We are not usually questioned on figures which come in under budget. I do not have that specific information with me but we will follow up and clarify the position for the Deputy. In general, we have a level of spending on consultancy services which I do not regard as excessive by comparison with other Departments and given the size of the health system. The increase is generally in line with inflation, year on year, apart from a particularly large study.

As to the reason the provision for 2001 exceeded actual expenditure, it might relate to the timing of payment for a particular study. I will have to look at the detail. However, from a brief consultation with my colleague, we believe it involved a particular study of the corporate status of the VHI, in respect of which we expected payments to be made in 2001 but, in fact, they carried forward because the study was not completed.

I understand a value for money study has been carried out of waiting lists. When is it expected that the Minister will place it before the House?

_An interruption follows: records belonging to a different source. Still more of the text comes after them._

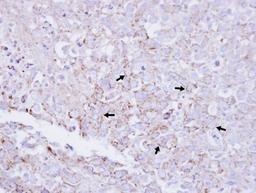 Immunohistochemistry-Paraffin: MTMR2 Antibody [NBP1-33724] - Paraffin-embedded CL1-0 xenograft, using antibody at 1:100 dilution.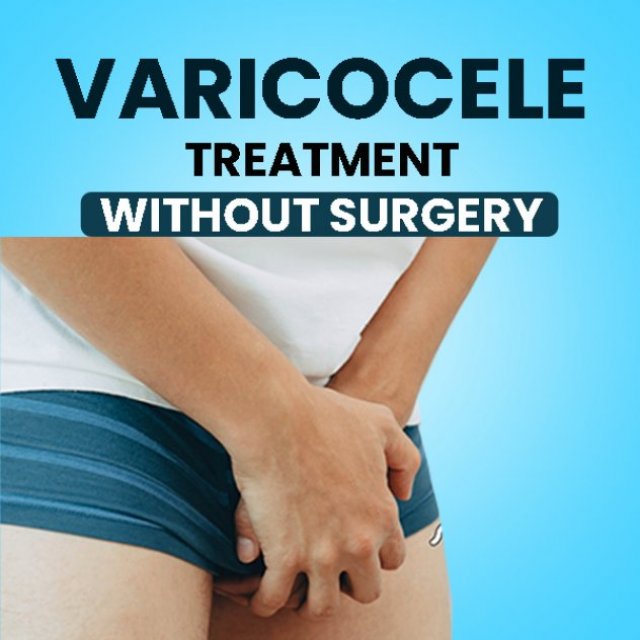 Best Varicocele treatment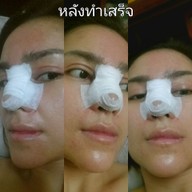 Blink Clinic by Dr.Mai สุขุมวิท 23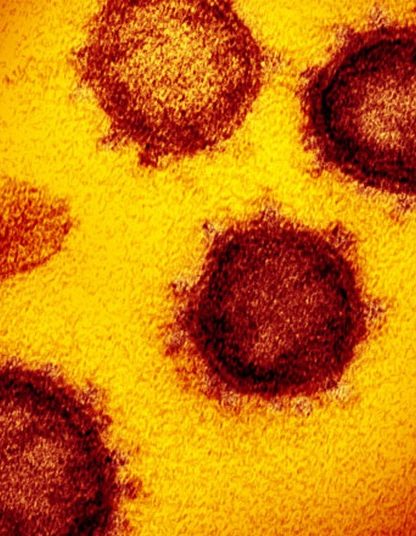 virus pandemie coronavirus sars-cov-2 covid-19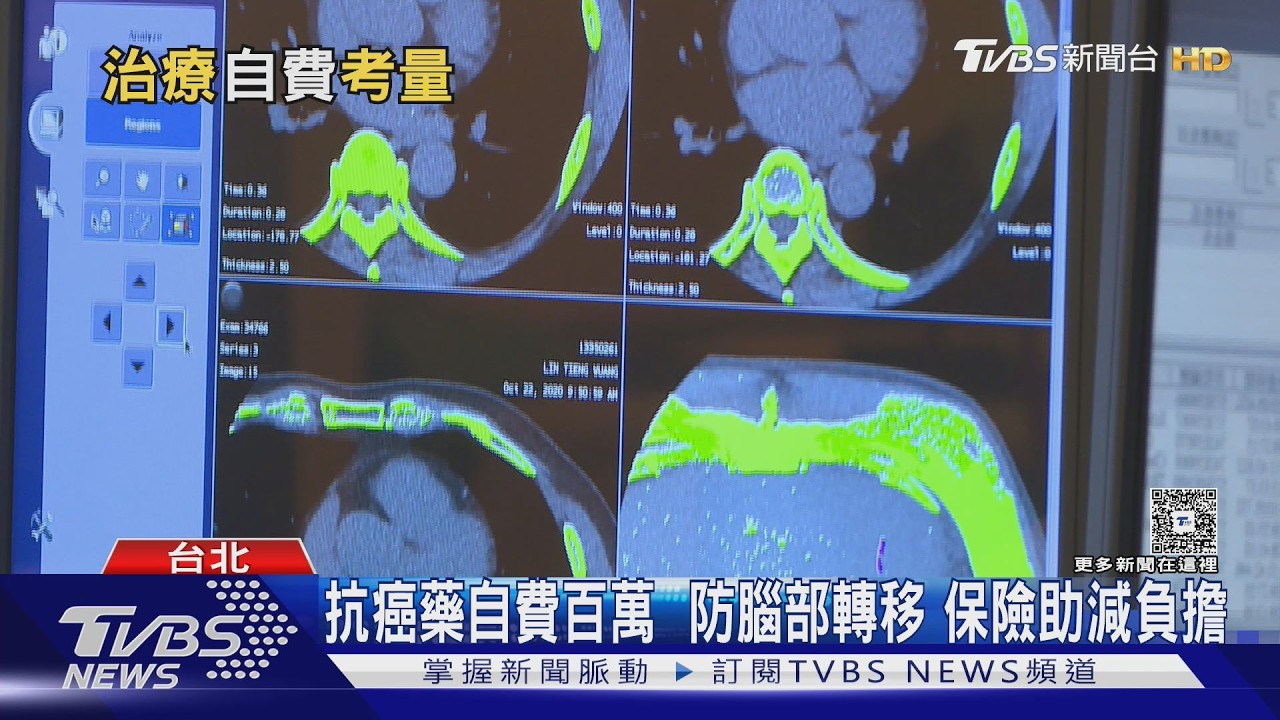癌症自費藥物該不該用？醫曝關鍵：先問自己「這些事」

My recollection is that we received it fairly recently, possibly in the last number of weeks. I know from discussion with the Minister that he does not intend to delay it. There is a timeframe within which it has to be presented to the House. I expect this will take place during the coming weeks.

It is imperative that such an important report is debated in the Dáil as quickly as possible, having regard to the issues and concerns arising. It would be encouraging to receive an assurance that it would be brought forward sooner rather than later.

I will certainly take that point back for discussion with the Minister.

I thank Mr. Kelly and his staff for their assistance to the committee. I also compliment the Comptroller and Auditor General on his outstanding work on this matter, particularly in relation to the two critical issues of medical cards and the drugs payments scheme. This has resulted in a very satisfactory conclusion.

The witness withdrew.

The committee adjourned at 1.25 p.m. until11 a.m. on Thursday, 2 October 2003.